Entre todos los reproches, brilla por su patetismo el que presentan a Zapatero y Moratinos como alumnos castigados de cara a la pared por la maestra Rice, digna y altiva, cargada de razón y de paciencia. Nunca una administración americana había sufrido una mayor erosión en su imagen internacional. Nunca la autoridad de la Casa Blanca se había visto más contestada y discutida. Nunca había sido más evidente la debilidad de un presidente cuyas ideas básicas en política exterior han quedado destruidas por la realidad demoledora. El intercambio de reproches sin contemplaciones entre Condi y Moratinos el viernes es también una buena muestra de cómo están las cosas: aquí y allí. Tiene derecho Rice a la franqueza. Moratinos creo yo que tiene además la obligación. Y que conste que, a mí personalmente, no me gusta la política española hacia Cuba y estoy más cerca de quienes creen que es demasiado condescendiente con el régimen castrista que lo contrario. Pero las lecturas de cartilla a estas alturas ni sirven ni valen. Preferiría que Estados Unidos fuera igual de exigente con Cuba de lo que lo es y ha sido con China, Arabia Saudí, Egipto, Jordania y Pakistán. O que lo hubiera sido con Rusia durante interminables años de idilio y de ceguera.
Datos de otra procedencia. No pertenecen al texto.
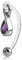 viva-adorno Intimpiercing KVV Christina Bioflex Piercing Banane Kristall Tropfen Anhänger Bauchnabelpiercing Z550, violett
Entre toda la agitación periodística de la semana no quiero destacar ni un artículo ni una frase, sino una carta al director, que sale hoy mismo en El País y que no voy a direccionar con un enlace sino a reproducir directamente. Su autor, buen amigo mío, es un ciudadano norteamericano, profesor emérito de sociología de Georgetown (la misma universidad donde Aznar ha hecho de profesor invitado), excelente comentarista político, que sigue con atención la política europea y publica sus artículos en The Nation y en el mismo El País. Tiene 81 años, un dato que hay que tener en cuenta al leer el texto, que lleva a las mil maravillas, y tiene una conversación amena y aguda y un caústico sentido del humor. Le ví en Madrid el jueves y me anunció que mandaría la carta al director al día siguiente. Y dice así: “Al visitar España al mismo tiempo que nuestra distinguida secretaria de Estado, he quedado muy impresionado por su enérgica posición sobre los derechos humanos en Cuba (sin contar Guantánamo, por supuesto). Sin embargo, estoy seguro de que padezco dificultades de memoria, sin duda a causa de la edad. Sí recuerdo a su predecesor Alexander Haig declarar que el intento de golpe de Estado de febrero de 1981 era, simplemente, una cuestión interna española. Pero no puedo recordar el nombre del secretario de Estado norteamericano que visitó al generalísimo Franco, le planteó la cuestión de la libertad política, y que también se reunió con la oposición española al régimen falangista. Quizá algún lector pueda ayudarme”.